Call it the curse of Frank Conrad.
Things were going great for TV broadcasting in early 2007. With private equity money backed by plentiful credit pouring into the business, stations prices shot up and the stock of publicly held companies like LIN, Hearst-Argyle, Sinclair and Nexstar soared with them.
Then in early summer, it all suddenly went to pieces. Credit dried up. Buyers willing to pay traditional fat multiples disappeared. The station trading market froze.
You know the rest of the story. The economy plunged into the Great Recession. As a business almost totally dependent on advertising, TV broadcasting felt its full force. In 2009, revenue at TV stations plunged at speeds that no one thought was possible, to levels that sent some groups into bankruptcy and others to the brink.
At the same time, new and strange forms of media competed feverishly for viewer attention and whatever ad dollars were still out there. Every time the broadcasters thought they had them cornered, new, even more perplexing and elusive types would evolve.
Revenue has rebounded nicely this year, thanks in large part to $2.5-$3 billion in political spending. But next year is uncertain. Nobody can say if broadcasting will ever fully recover what it lost.
So, why has all this misery descended upon broadcasting?
You can talk about the collapse of the housing and financial markets and the bankruptcies of GM and Chrysler. But if you ask me, it’s the curse of Frank Conrad.
Conrad was the Pittsburgh engineer and tinkerer who, with an assist from his bosses at Westinghouse Electric & Manufacturing, pioneered commercial broadcasting in the second decade of the last century. In the fall of 1920, he put KDKA on the air and on Nov. 2 the station broadcast the results of the Harding-Cox election.
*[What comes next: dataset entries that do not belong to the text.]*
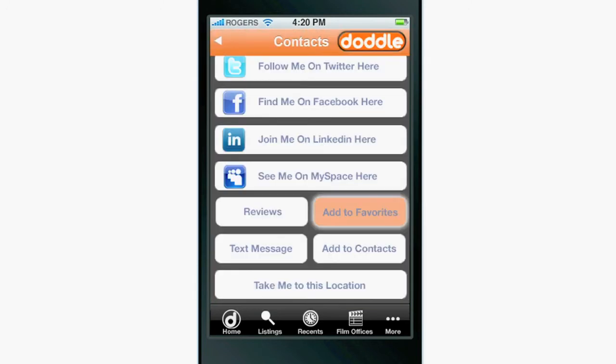You can also add a listing to your internal Doddle favorites list, call them, or send them a text message.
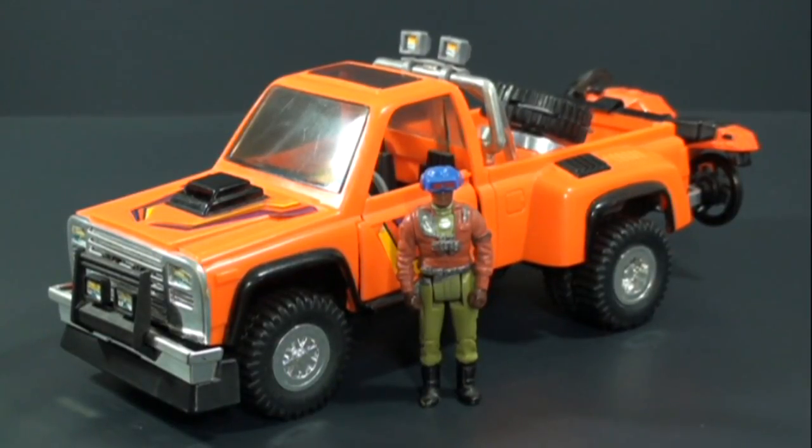How's it going everyone? Today we're going to be taking a look at the 1985 Series One M.A.S.K. vehicle Firecracker with driver Hondo McLean — a very nice vehicle.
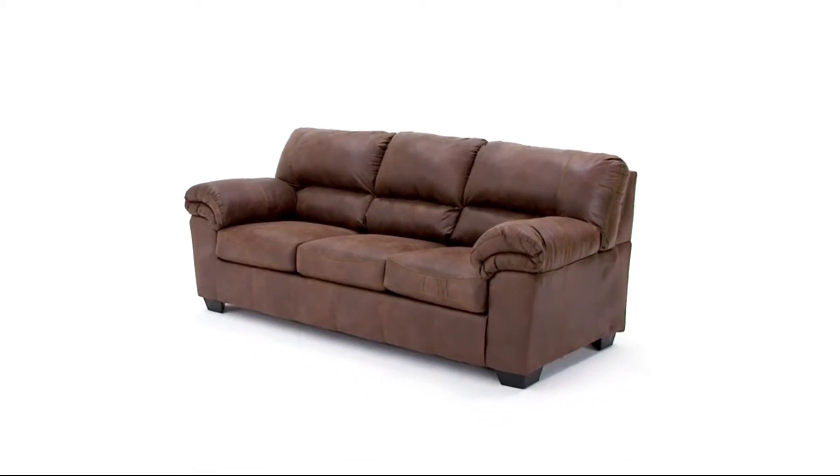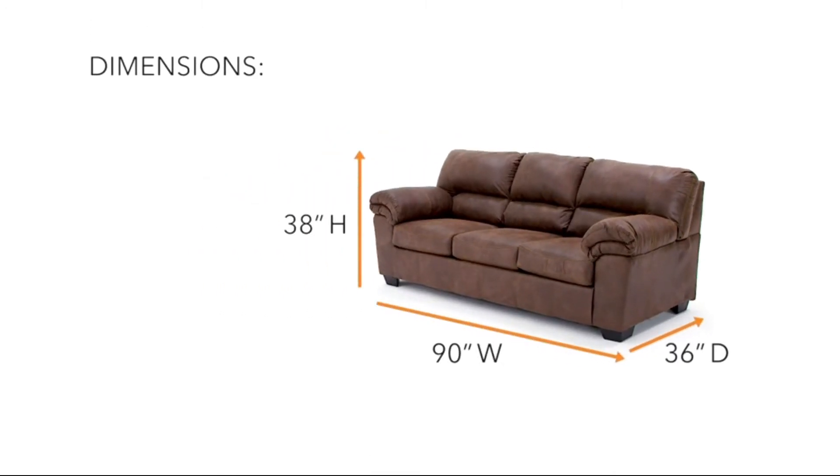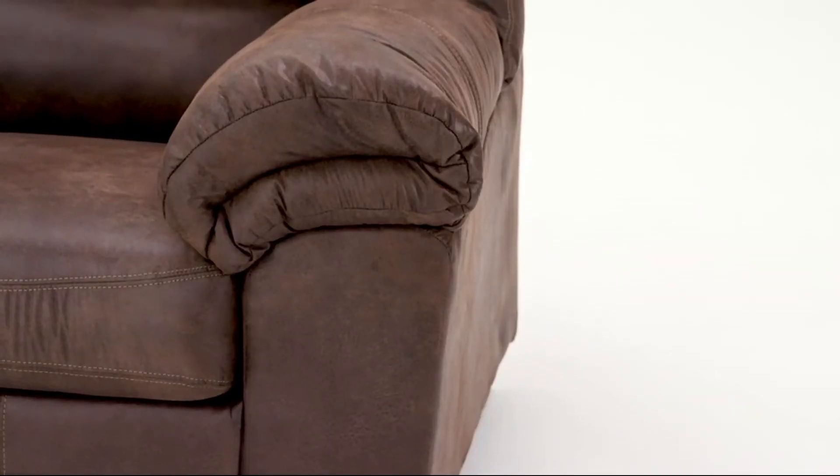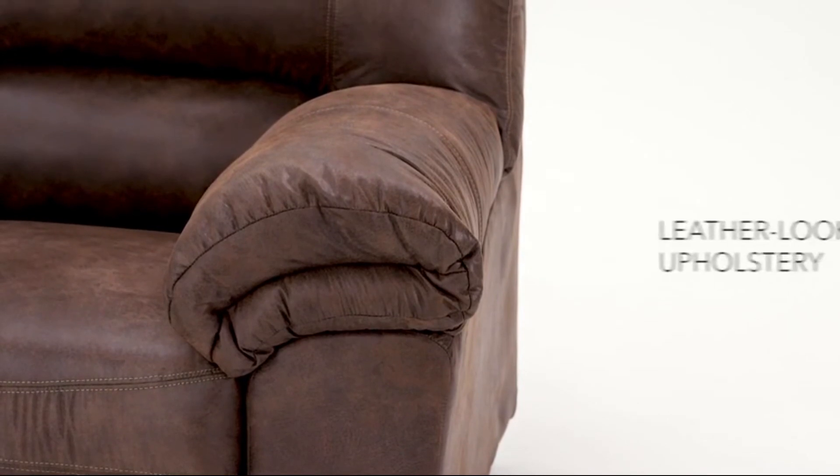Company's coming and you'll be prepared. This full sofa sleeper is the whole package. Your guests will love its coffee hue and warm and inviting nature.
Others, most notably WWJ Detroit, lay claim to being first, but it was really Conrad and Westinghouse that made a business out of a hobby by selling radio receivers to those interested in hearing Conrad’s broadcasts of phonograph records. It was only later that they and others discovered they could sell time to advertisers.
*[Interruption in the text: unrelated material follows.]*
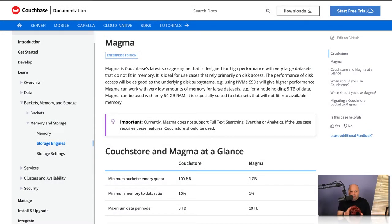Next on my favorite list is the Magma Storage Engine. Magma is designed from the ground up for enterprise customers needing high performance with vast data sets. How vast, you ask? With Magma, you'd have a whopping 10 terabytes of data per node. 10 terabytes is an insane amount of storage. Plus, Magma is designed to work with low amounts of memory.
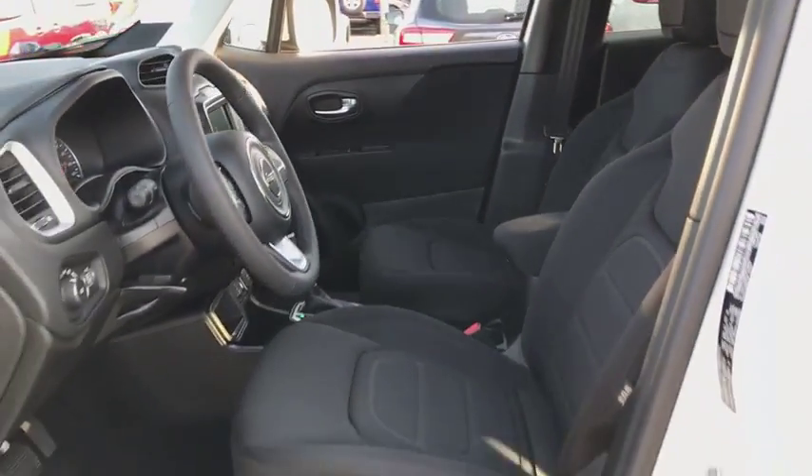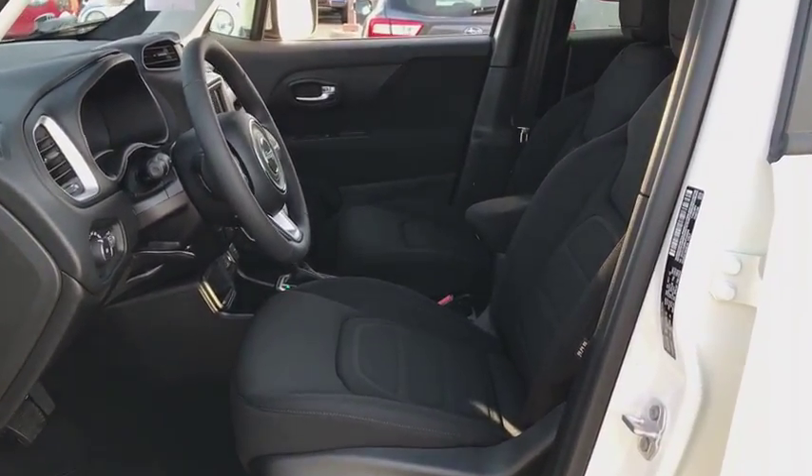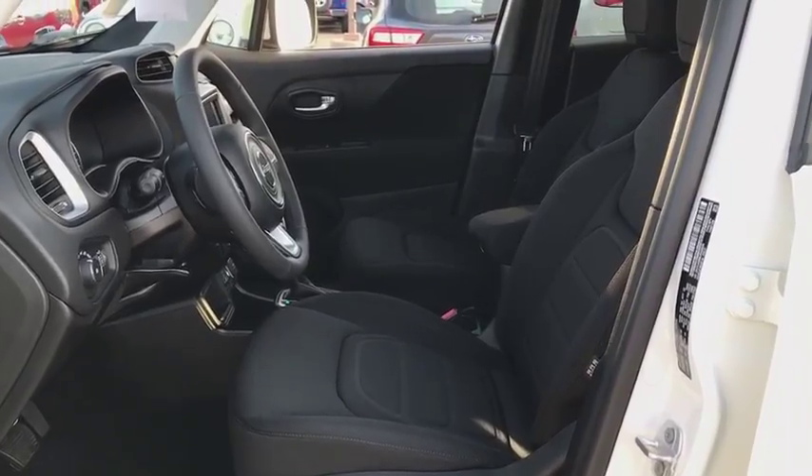Cruise control, floor mats, climate control, AM FM stereo radio, rear defrost, front-wheel drive.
But why this curse? Why has Conrad turned on the industry he founded?
Neglect.
Conrad did his experiments in radio in a two-story garage behind his house in Wilkinsburg, Pa., a close-in Pittsburgh suburb. It was from here that he entertained others with homemade receivers with his broadcasts.
In 2001, despite outcries from local preservationists and what I thought was a persuasive column by me in Broadcasting & Cable, his house and garage were cleared to make way for a Wendy’s.
That’s right. The birthplace of broadcasting is now a fast foodt outlet without even a plaque to commemorate the man and all that he accomplished.
But Conrad, who died and entered the ether in 1941, let that indignity pass.
What he apparently could not tolerate, even in his very dead state, is what happened in the summer of 2007. Contractors razed the so-called K Building in East Pittsburgh, the site of the original KDKA transmitter and studio.
Did you catch the timing of that? The summer of 2007, the same time the business started falling to pieces. A coincidence? I think not. Broadcasting hasn’t been the same since.
I am no expert on the supernatural, but it’s my feeling that if over-the-air TV and radio are going to make a full recovery, broadcasters are going to have to make things right with Conrad.
The Pennsylvania Association of Broadcasters helped by finally inducting Conrad into its Hall of Fame this year.
But what’s really needed is to save the Conrad garage. Before it was destroyed by bulldozers, Pittsburgh preservationist Rick Harris, who has devoted years to this project, had the garage disassembled brick by brick and stored in a warehouse. That was made possible by a $50,000 contribution from Ralph Guild, the former radio rep.
It’s a cool garage, big enough for a small broadcasting museum. It now needs a fitting home, preferably somewhere in Pittsburgh, and the money for the reconstruction.
Harris has a more immediate problem. He’s running out of money to store the garage and a bunch of other artifacts he’s collected over the years. He needs another $5,268 just to keep it all on ice for another year.
I believe that it would also help if the broadcasting industry would somehow recognize the 90th anniversary of the first KDKA broadcast, its own birthday, when it rolls around on Nov. 2. Significantly, Election Day this year falls on the same day.
With the date less than two months off, I’m not sure what can be done. Maybe it’s just better to stay focused on restoring the garage so that when the 100th anniversary of the business rolls around, there will be someplace to go for the ceremony.